Matjila v Minister of Defence and Military Veterans and Others
(2023/065385) [2025] ZAGPPHC ___ (15 August 2025)

Reportability

This judgment is expressly marked reportable. It clarifies the statutory threshold for disqualification from commissioning in the South African National Defence Force (SANDF) under section 54 of the Defence Act 42 of 2002 and, in doing so, contributes to the developing body of administrative-law jurisprudence on rationality, procedural fairness and the proper exercise of statutory power. The judgment is also significant because it pronounces upon the scope of the Chief of the SANDF’s administrative instructions vis-à-vis the President’s constitutional prerogative to confer commissions. Finally, it contains a useful discussion on condonation principles where the State is a litigant, providing practical guidance for future public-law litigation.

Cases Cited

The full text of the judgment refers generally to “authorities” but does not specify individual reported cases.
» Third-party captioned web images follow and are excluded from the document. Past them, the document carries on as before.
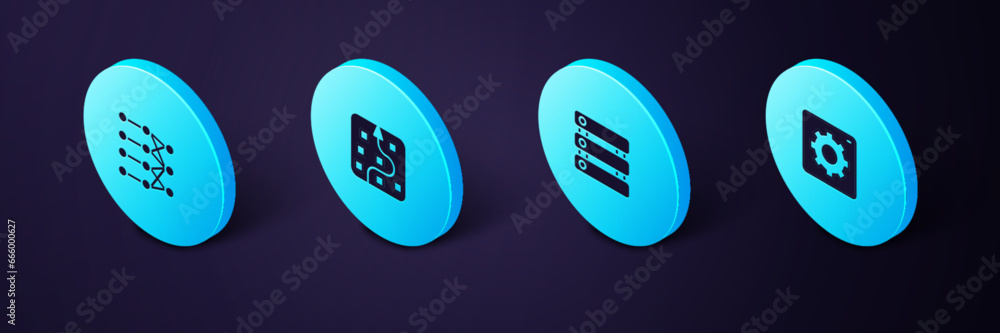  set isometric computer api interface, server, data, neural network and icon. vector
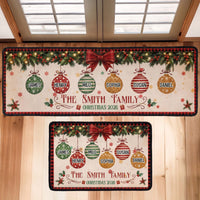Personalized Christmas Family Name Runner Rug, Custom Baubles Xmas Floor Mat & Kitchen Rug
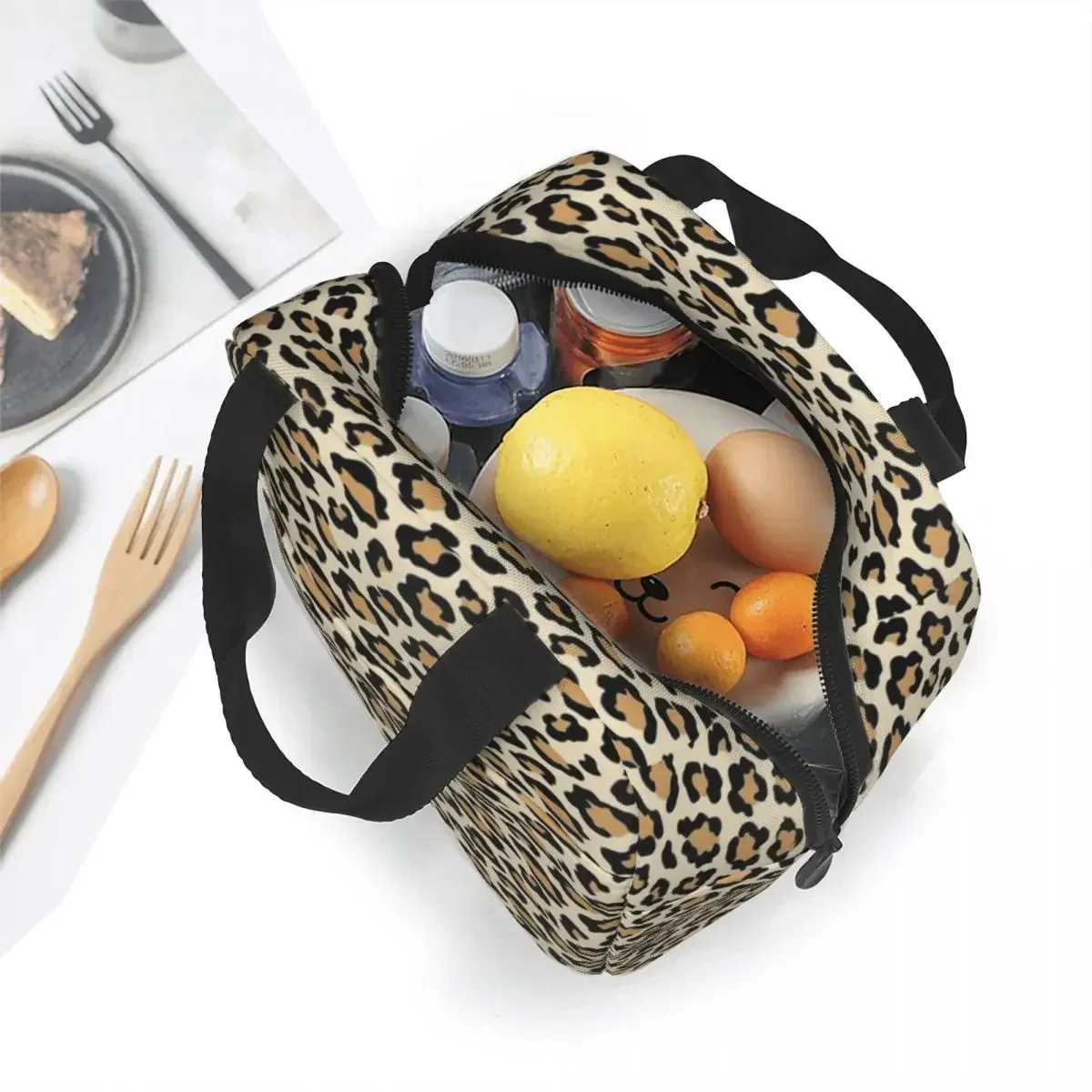 Leopard Print Insulated Lunch Bag Portable Cheetah Animal Cool Black Brown Cats Beige Lunch Container Cooler Bag Tote Lunch Box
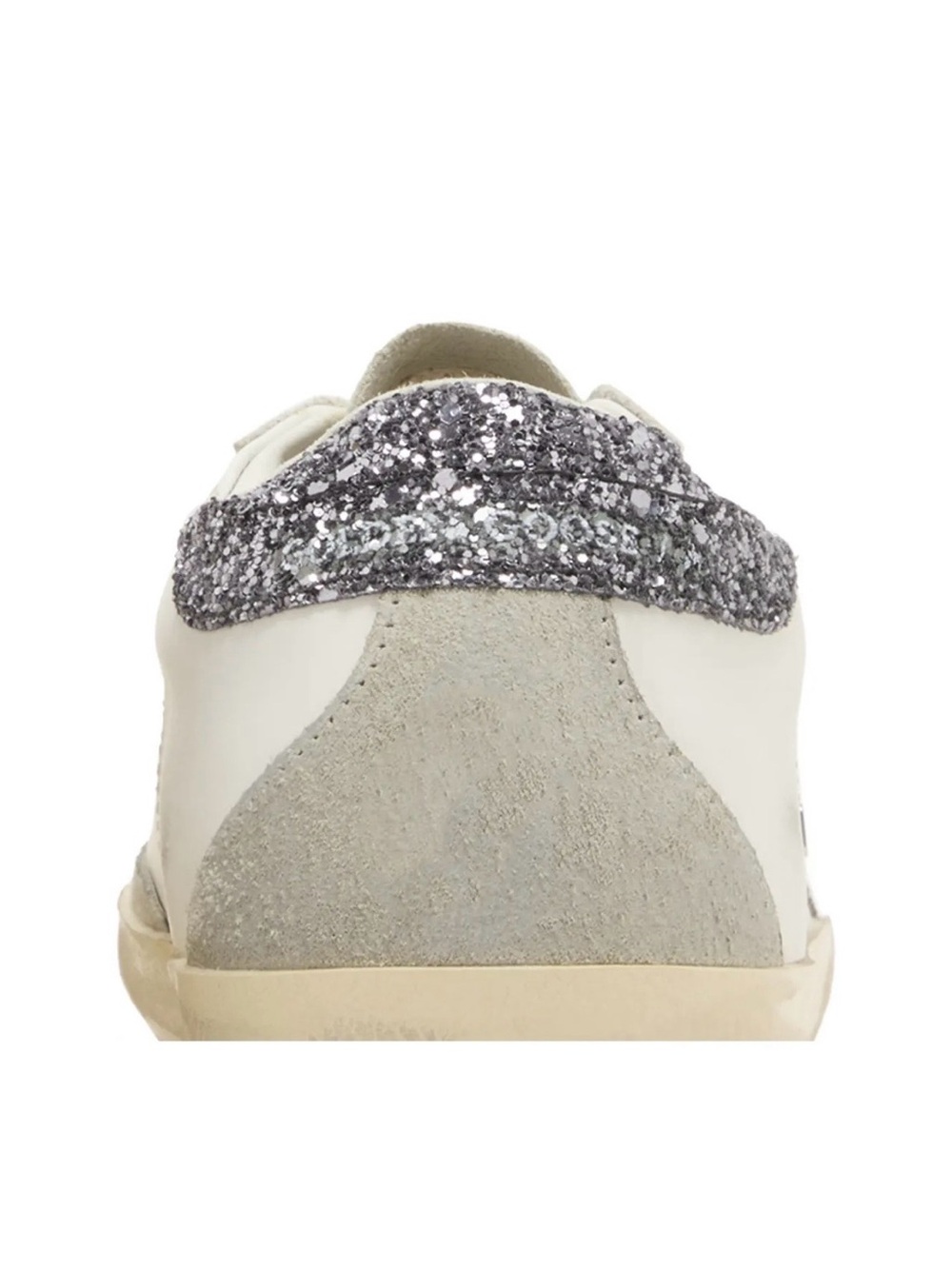 Golden Goose White & Grey Low-Top Sneakers with Silver Glitter Heel . - Picture 5 of 8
No explicit case citations appear in the body of the judgment.

Legislation Cited

Defence Act 42 of 2002
Promotion of Administrative Justice Act 3 of 2000
Promotion of National Unity and Reconciliation Act 34 of 1995
Individual Grievance Regulations (promulgated under the Defence Act)

Rules of Court Cited

The judgment does not cite any specific Uniform Rules of Court.

HEADNOTE

Summary

The applicant, Flight Sergeant Frans Mabothe Matjila, successfully completed an officers’ forming course and was placed in the rank of Candidate Officer pending presidential commissioning as a Lieutenant. Two minor military offences—one for negligent driving and another for improper parking to purchase food—were later relied upon by the SANDF to refuse his commissioning and to instruct that he revert to the substantive rank of Flight Sergeant.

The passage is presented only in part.